There is no disagreement, whether in Europe, the Americas or Asia, that a fully connected world requires those that think and act with data to demonstrate that their processing of data is legal, fair and just. Demonstration requires comprehensive data impact assessments that help organizations discover the issues for all stakeholders. Discovery of issues helps determine that data is processed appropriately, particularly when uses go beyond the common understanding of the individuals to whom the data pertains.
Over the past year, the Information Accountability Foundation (“IAF”) has had the pleasure of working with many Canadians in developing an assessment framework for Canadian organizations thinking and acting with data. The IAF received a grant from the Office of the Privacy Commissioner of Canada to develop and evaluate an assessment process for thinking and acting with data in Canada. The IAF further received support and participation from twenty companies in actually developing an assessment framework that would be an extension of Canadian privacy impact assessments. The product of that work was evaluated with other stakeholders last December.
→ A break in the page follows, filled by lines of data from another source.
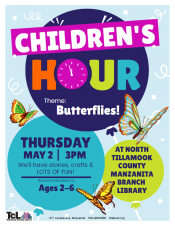 Children's Hour at Manzanita, full flyer.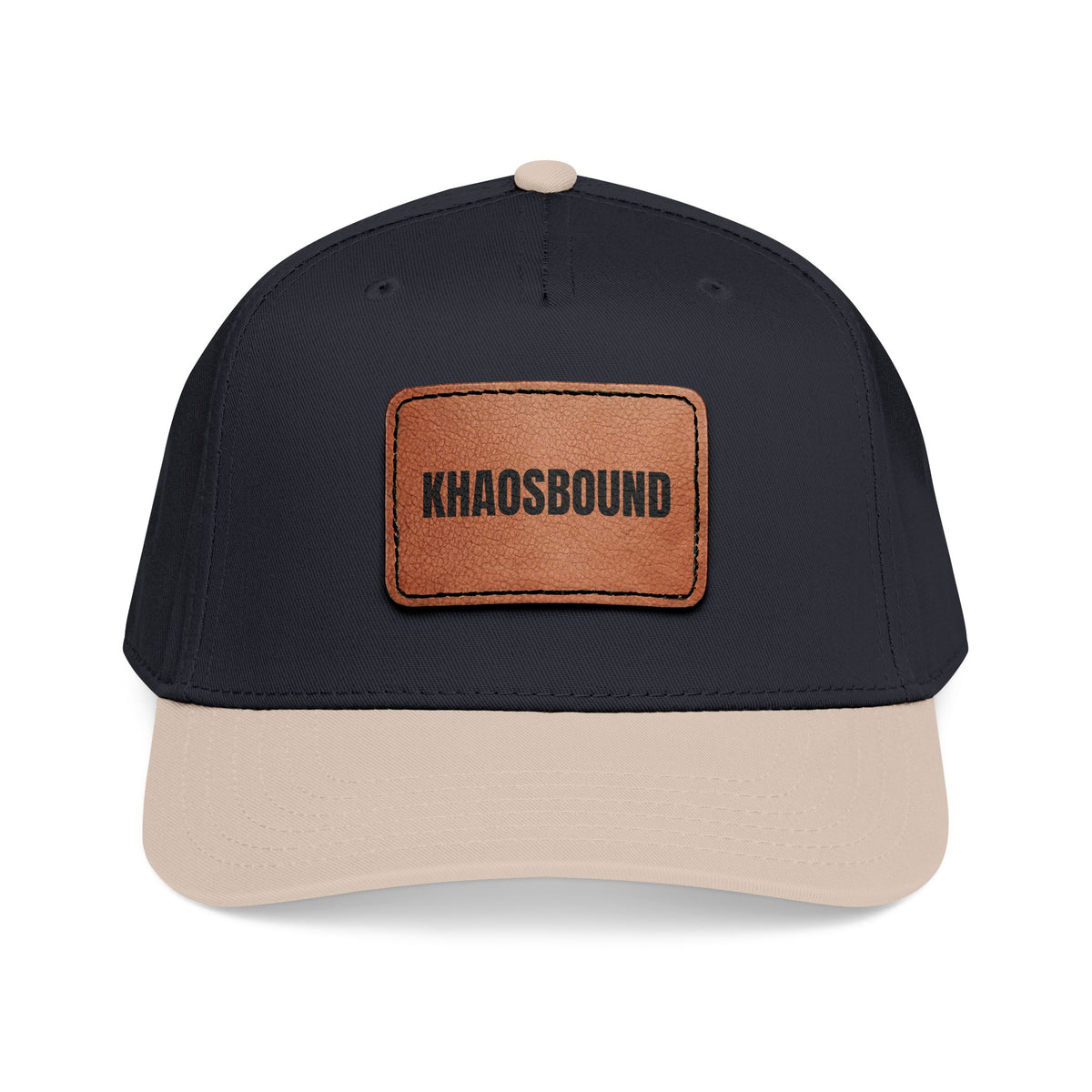 Khaosbound- Leather Patch Baseball Cap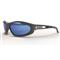 Edge Eyewear Tactical Dakura Polarized Aqua Precision Blue Shooting Glasses, Black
The project would not have been possible without the wise assistance the IAF received from Adam Kardash of Osler, Hoskin & Harcourt LLP.
On February 28, 2017, the IAF submitted the assessment framework and its report to the OPC. Both are proudly posted on the IAF website. The IAF believes the report and assessment framework demonstrate that similar frameworks, that both link with local law and global trends, are doable. The IAF looks forward to doing further work in Canada on scalable oversight of assessments and in other locations on developing a growing tool chest of comprehensive assessments.